As good as your word

One of the earliest life lessons that has continued to mean the most to me is to be reliable and trustworthy when I open my mouth. Once my father promised to do something, I never doubted that it would happen. If there was ever any doubt in his mind that he would do something, he would hedge his promise in terms that would give him an out. And he would be sure to send out a warning as soon as it looked as if there might be a change of plans.

I have a friend, a holy man -- I will call him Vincent -- who has one trait I find infuriating. I can make arrangements to meet him a week in advance, and then not hear from him again until the minute we are scheduled to get together, when he calls to tell me that something else has come up. This is not uncommon. He is very popular, for good reason: he is clear-sighted, soothing and persuasive, and I appreciate that our social arrangements must get pushed aside when people in crisis call on him for healing or prayer.

When I tell him that it would help me live my own life if he would call with a change of plans soon after he knows about it, he tells me that other people's demands sometimes interfere with his focus. I disagree. In my father's mind, a commitment made for, say Thursday night, would tint his view of the future, so that anything else that threatened to fill the spot would set off a conflict mechanism, resulting in an immediate call that there had been a change of plans. No waiting for the last minute, no host waiting with a fine meal prepared in anticipation, no need for people to sit alone when they thought they were going to spend the evening with Vincent.
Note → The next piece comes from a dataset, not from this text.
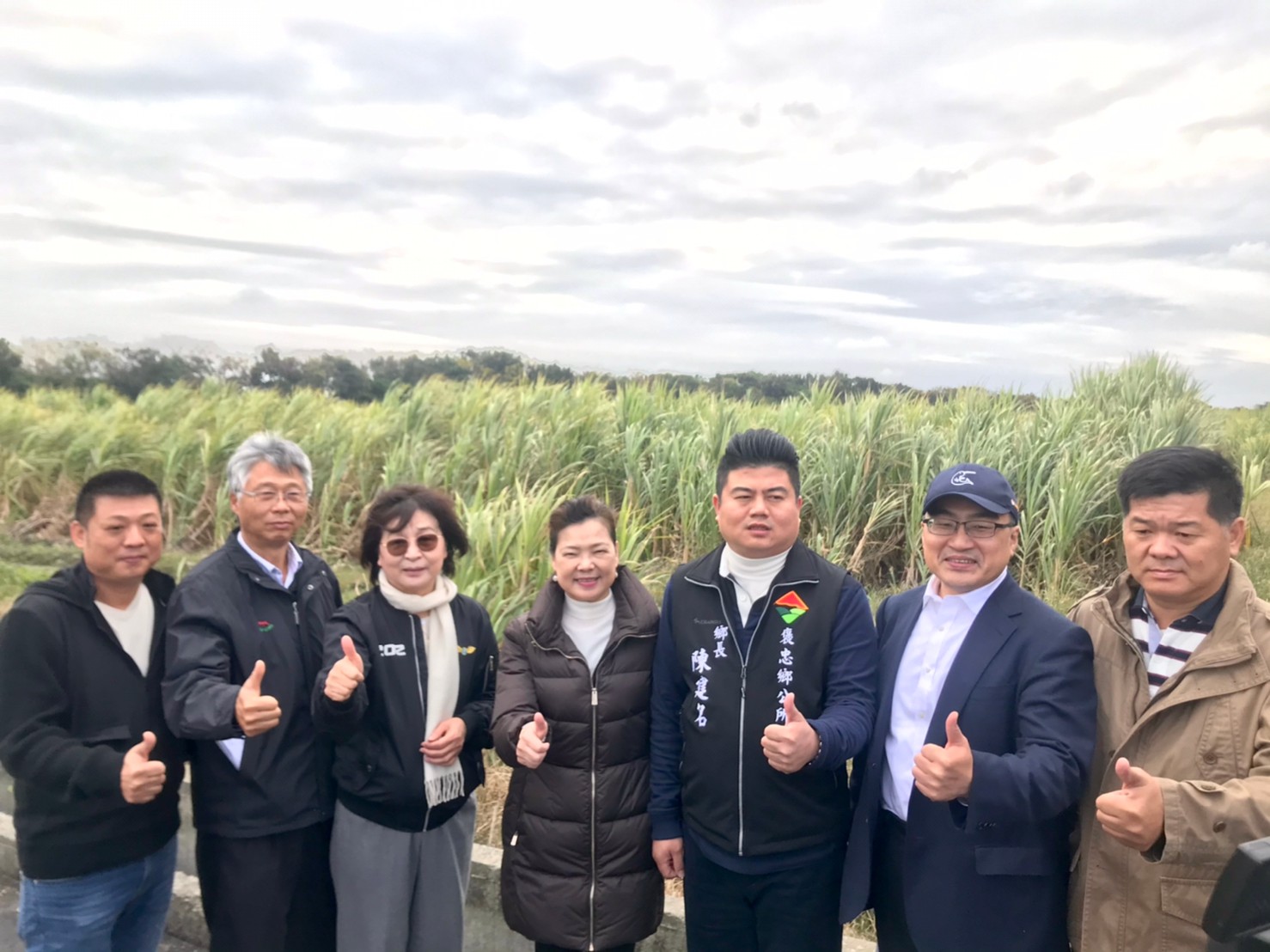 影/褒忠循環經濟產業園區　力拼今年底開工招商 - https://www.watchmedia01.com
People excuse him for breaking appointments because he sometimes has to respond to unexpected demands. For my part, I forgive him but do not excuse him. Different standards may apply to etiquette and sin, but that doesn't make it any easier to accept this flaw in the armor of his holiness. I have tried to tell Vincent that I consider it unholy to set people up for disappointment by breaking his word, but it does not seem to matter to him.

Vincent may sometimes be as exasperated with me as I am with him. I do not embrace some of his values just as he is reckless about keeping his word. But it takes all kinds, and he obviously had a different father.